さて、決定木のいいところは、どういう過程で分類されているか、見える化しやすいところです。
[11]:
plt.figure(figsize=(15,10))
plot_tree(model,feature_names=X_train.columns,filled=True, rounded=True, proportion=True)
plt.show()
訓練データに対する、正解率を計算しておきましょう。(テストデータは正解がないので計算できません。)
[12]:
model.score(X_train, y_train)
[12]:
0.8148148148148148
良い気がします。(maxdepthを深くすると、もっと精度は高くなります。)
9.3.4. 提出データの作成¶
テストデータから予測値を求めて、提出データファイルを作成しましょう。
[15]:
# Fare の前処理を忘れないで
# X_test["Fare"].fillna(X_test["Fare"].mean(), inplace=True)

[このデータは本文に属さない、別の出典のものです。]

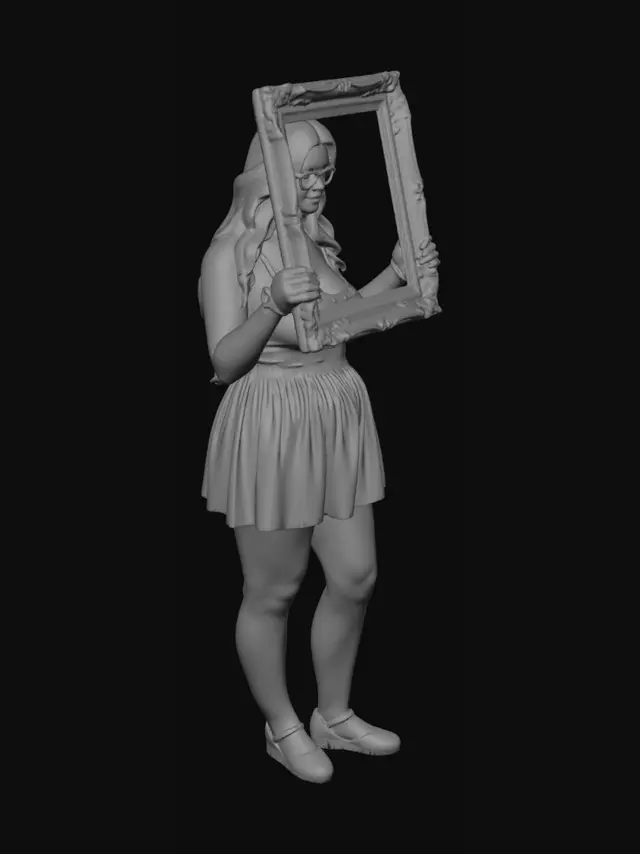 3D model for Framed Portrait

y_pred = model.predict(X_test)
テストデータに欠損値があると:
ValueError: Input contains NaN, infinity or a value too large
のようなエラーが発生します。 データの前処理でしっかりと、取り除きましょう。
Pandasを使って表データに変換し、CSVファイルを出力します。
[16]:
data = pd.DataFrame({'PassengerId': test['PassengerId'], 'Survived': y_pred})
data.head()
[16]:
PassengerId | Survived | |
---|---|---|
0 | 892 | 0 |
1 | 893 | 1 |
2 | 894 | 0 |
3 | 895 | 0 |
4 | 896 | 1 |
[17]:
data.to_csv("result.csv", index=False)
!head result.csv
PassengerId,Survived
892,0
893,1
894,0
895,0
896,1
897,0
898,1
899,0
900,1
予測結果なので..
Survived
のカラムの値は、作成した予測モデルに依存します。 一致する必要はありません。
指定されたCSVファイルができたら、ファイルを提出します。 しばし待つと、スコア(正解率)が表示されます。
9.4. 過学習を防ぐには¶
9.5. コースワーク¶
どちらかにアカウント登録して、コンペに参加してみよう。
演習(Kaggle)
Kaggle にアカウント登録し、 「タイタニック号の生存者」のコンペにチャレンジしてみよう。
演習(SIGNATE)
SIGNATE社にアカウント登録し、 お弁当屋さんの予測コンテストにチャレンジしてみよう。